Cade, dunque, il governo di coalizione guidato da Netanyahu, che trova anche il voto di sfiducia del partito di ultra-destra Yamina.

Una sconfitta di Netanyahu e, insieme, forse la sua più grande vittoria. Ha fatto di tutto perché il governo cadesse prima del tempo, per evitare che arrivasse al secondo anno, quando, secondo gli accordi iniziali, avrebbe dovuto passare la mano a Gantz, che sarebbe così diventato il nuovo primo ministro di Israele.

Elezioni anticipate: la fine di Gantz

Tanti media israeliani avevano predetto che Netanyahu non sarebbe stato ai patti e avrebbe triturato l’ennesimo avversario, adottando una tattica già usata in precedenza: farlo salire sul suo carro per poi scaricarlo nella pattumiera della storia.

Potrebbe essere questa la fine di Gantz, che pure aveva conteso con Netanyahu alla pari per tre elezioni consecutive come leader dell’opposizione, posizione che ha abbandonato per andare a puntellare il governo in tempo di coronavirus.
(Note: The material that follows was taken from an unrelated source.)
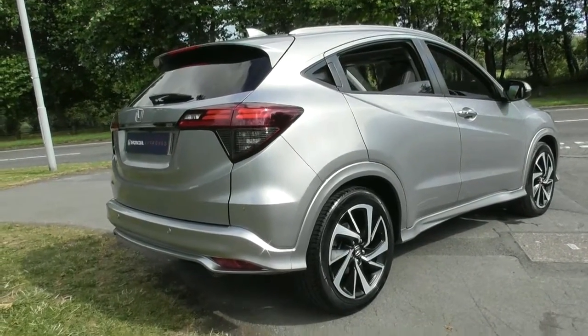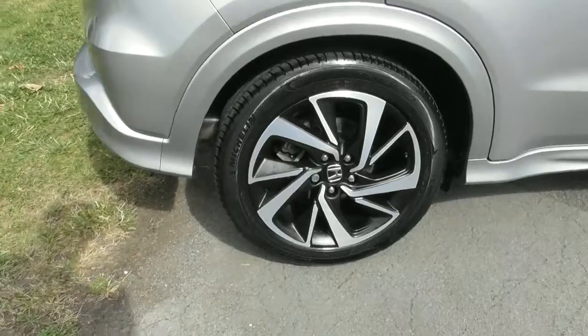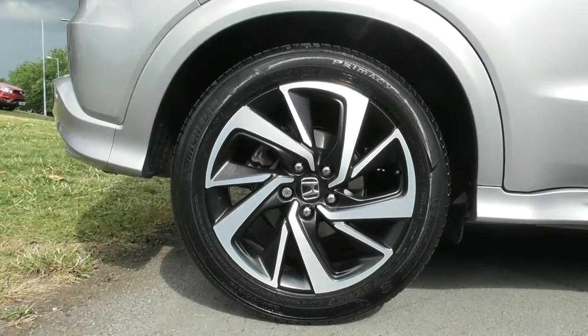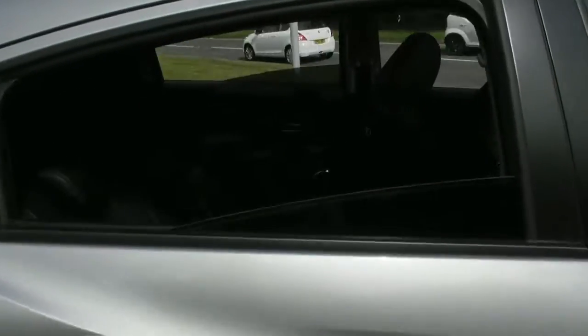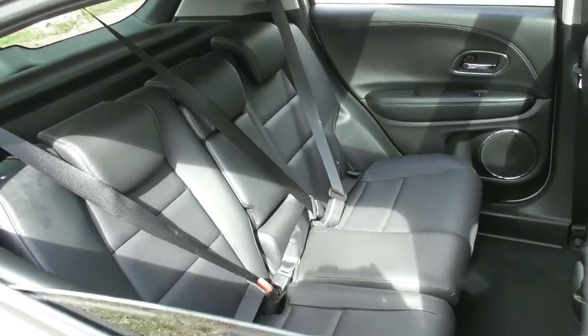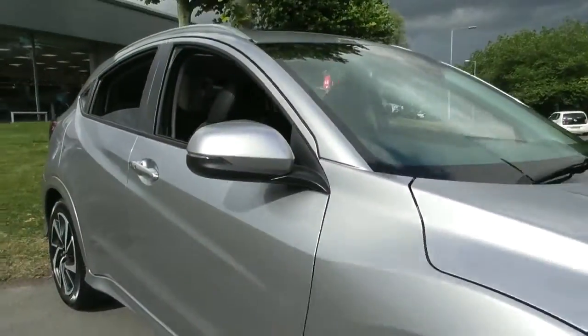The benefits of buying an approved used car from Bassett include complimentary 5 day drive away insurance, a range of financial solutions, 30 day exchange policy, assured vehicle history and half price MOT tests.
Ex generale, si è sentito in dovere di evitare al Paese la quarta elezione in piena pandemia.

Una decisione che ora fa di lui una sorta di paria, dato che non solo gli sarà impossibile, a meno di clamorose sorprese, riprendersi un ruolo ormai appannaggio di altri, ma anche i voti del passato, ché tanti suoi elettori si sono visti traditi.
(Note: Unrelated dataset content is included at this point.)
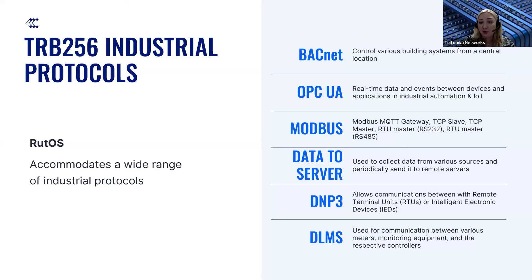The most interesting part is talking about our RutOS. With our operating system, RutOS, TRB256 brings even more additional value to customers. RutOS supports numerous industrial protocols including BACnet, OPC UA, Modbus, Data to Server, DNP3, and DLMS. These protocols are used in a wide range of sectors such as manufacturing, utilities, automation, and building systems, making TRB256 a versatile gateway for almost any industrial use case. Keep in mind that some protocols such as DNP3 or DLMS can be found in the package manager of our RutOS.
Ma al di là del destino personale dell’ex generale, che forse potrà servire la causa in altri modi, ormai Israele è proiettata verso nuove elezioni. Chi le vincerà? Netanyahu dicono i sondaggi, anche se Yamina, è in forte ascesa. Da qui l’ipotesi di un governo delle sole destre guidato da Netanyahu…

L’accordo di Abramo e l’Arabia Saudita

Certo, ha attirato critiche la sua gestione del coronavirus, ma l’accordo di Abramo, che ha portato alcuni Paesi arabi a riconoscere Israele, lo ha reso vincente. L’intesa ha aperto porte che sembrava impossibile aprire e ha spalancato al Paese prospettive immani, data soprattutto la possibilità di interagire pubblicamente con la finanza islamica.

Gli manca solo il tassello Arabia Saudita, che ancora non ha riconosciuto Israele, ma arriverà presto. Sperava che ciò accadesse alcuni giorni fa, quando è volato a Riad insieme al suo ciondolino, il Segretario di Stato americano Mike Pompeo, per  incontrarsi col principe ereditario Mohamed bin Salman.

Un visita che doveva restare segreta, un colloquio durato ore, hanno riferito fonti anonime. Il fatto che Netanyahu abbia deciso di intraprendere una visita tanto informale dice tanto della ritrosia del principe riguardo l’adesione.

Netanyahu sperava di spuntare il fatidico sì, da portare in dote a Israele prima della caduta del suo governo. Ma gli è andata male. Il premier israeliano ha cercato di convincere il principe a unirsi per far blocco contro Joe Biden, del quale teme in particolare l’approccio meno aggressivo verso l’Iran.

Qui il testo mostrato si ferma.